**Problem requirements:**
Below are some records. Write out the line that contains "BLUETOOTH ANDROID AUTOTM* COMPATIBILITY" and all lines after it, exactly, but not the pictures.
- - - - - - -
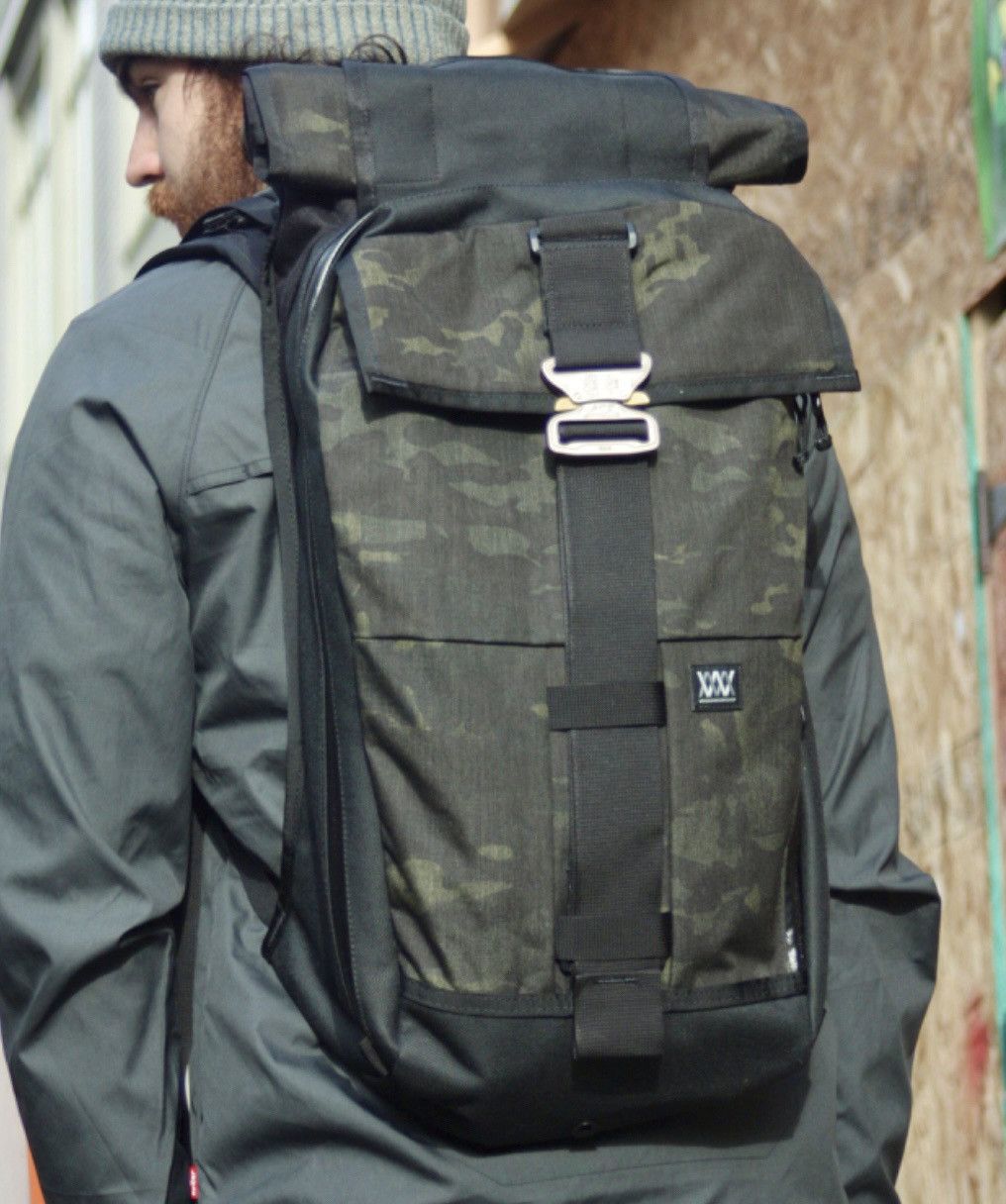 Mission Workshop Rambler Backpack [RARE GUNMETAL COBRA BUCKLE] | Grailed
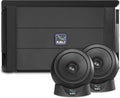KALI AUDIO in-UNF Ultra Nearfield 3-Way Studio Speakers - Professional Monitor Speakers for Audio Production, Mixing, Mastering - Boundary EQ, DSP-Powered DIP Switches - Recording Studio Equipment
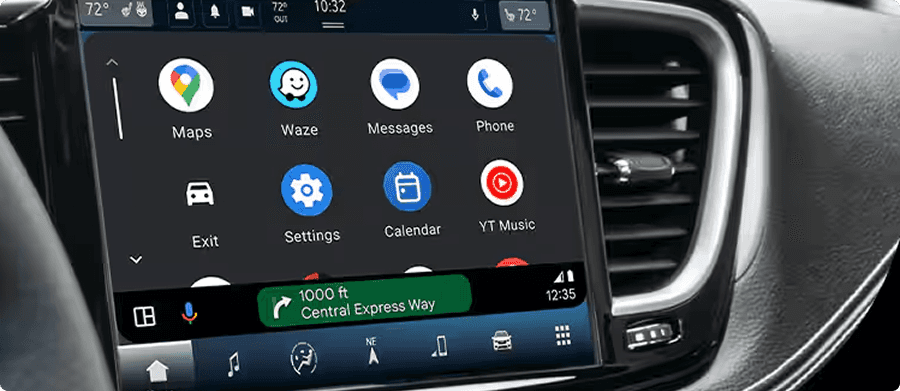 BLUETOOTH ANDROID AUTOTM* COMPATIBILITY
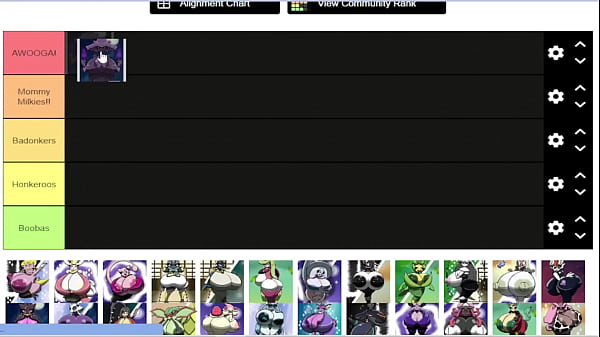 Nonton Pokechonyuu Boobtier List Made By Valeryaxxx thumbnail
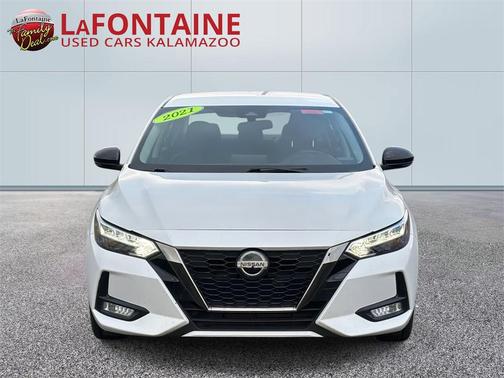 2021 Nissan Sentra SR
- - - - - - -
**Output for this exercise:**
 BLUETOOTH ANDROID AUTOTM* COMPATIBILITY
 Nonton Pokechonyuu Boobtier List Made By Valeryaxxx thumbnail
 2021 Nissan Sentra SR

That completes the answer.